A series of silicon-rich oxide (SRO) and erbium-doped SRO (SROEr) films imbedded with structural tunable silicon nanoclusters (Si NCs) have been fabricated using sputtering followed by post-annealing. The coalescence of Si NCs is found in the films with large Si excess. The energy transfer rate between Si NCs and Er3+ is enhanced, but the luminescence efficiencies of both Si NCs and Er3+ are reduced by the coalescent microstructures. Optimization of the microstructures of Si NCs is performed, and the preferential optical performance for both Si NCs and Er3+ could be achieved when Si NCs were separated in microstructures.

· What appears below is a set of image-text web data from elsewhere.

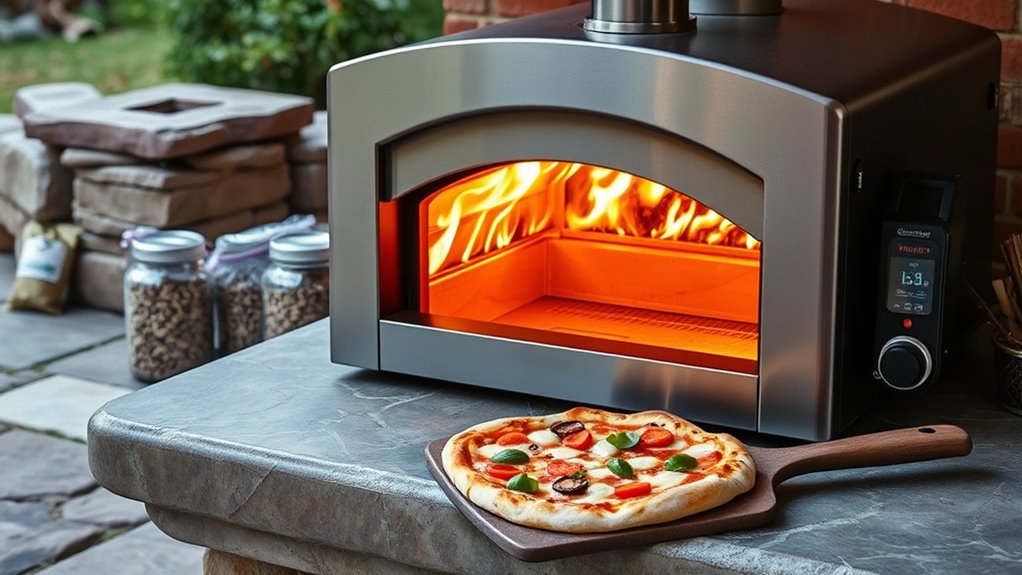 choosing durable outdoor ovens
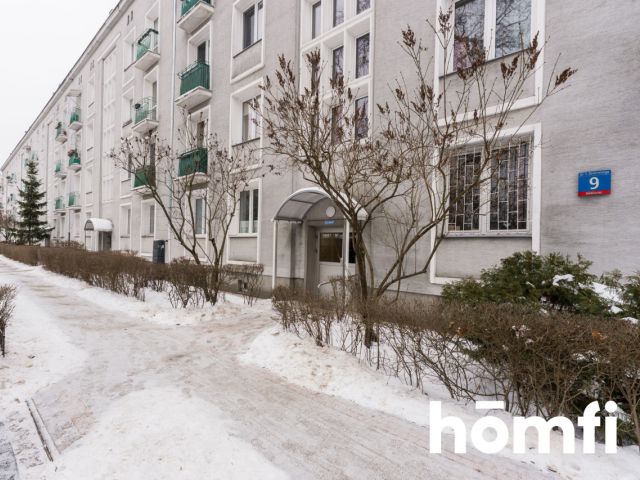 Super okazja! 2 pokoje z balkonem i metro! - Mieszkanie - Sprzedaż - Warszawa, Bielany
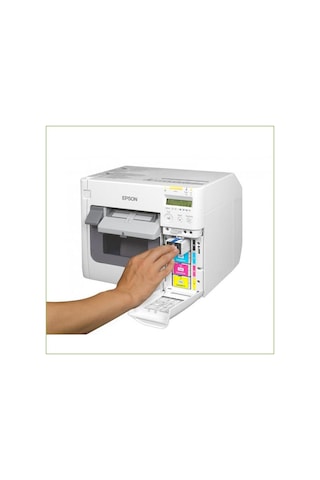 Epson Colorworks Tm C3500 Kartuş Black Sjıc22P K C33S020601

Keywords:Silicon-rich oxide; Silicon nanoclusters; Erbium ion; Energy transfer; Luminescence
Er-doped silica-based materials have been extensively studied in the field of optical communication technology for their promising applications as active elements in photonic devices [1-4]. Indeed, the sharp luminescence of Er3+ ions at 1.54 μm matches the standard telecommunication wavelength of silica optical fibers and is absorption-free for Si bandgap. However, the Er3+ luminescence efficiency in silica is too low to be practical, and an expensive and bulky laser tuned to an Er3+ absorption band is required for the excitation of the Er3+ luminescence. Consequently, Si nanoclusters (Si NCs) with large excitation cross-section and broad excitation band are exploited as sensitizers to improve the excitation efficiency of Er3+[5,6]. Great deals of researches have committed effort to improve the properties of sensitizers (Si NCs) and to enhance the luminescence efficiency of Er3+[7-9].

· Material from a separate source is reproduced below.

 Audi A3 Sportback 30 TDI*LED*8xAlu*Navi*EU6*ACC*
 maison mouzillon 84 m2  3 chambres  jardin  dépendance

As for the Si NCs, both experimental and theoretical studies indicate that the microstructures, especially the interfaces of Si NCs, play an active role in their optoelectronic properties [10-12]. Furthermore, the optical properties of Si NCs would also be affected by the coalescence of Si NCs, which is universal in silicon-rich oxide (SRO) matrix with sufficient Si excess and long-time post-annealing process [13,14]. However, there still exist incomprehension and uncertainties regarding the influence of microstructures of Si NCs on the Er3+ optical properties despite of the extensive studies on the sensitization process of Si NCs for Er3+.

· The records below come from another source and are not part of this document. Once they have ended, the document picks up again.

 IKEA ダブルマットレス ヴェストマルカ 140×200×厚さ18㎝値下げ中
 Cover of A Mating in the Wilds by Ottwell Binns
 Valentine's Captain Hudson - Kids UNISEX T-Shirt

In this letter, we report on the effect of microstructure evolution of Si NCs on the Er-related luminescence in erbium-doped SRO (SROEr) films. We address in a conclusive way that the coalescence of Si NCs in microstructures would reduce the luminescence of Si NCs, which would further quench the luminescence of Er3+. These results reveal that separated Si NCs are needed to obtain efficient Er3+ luminescence.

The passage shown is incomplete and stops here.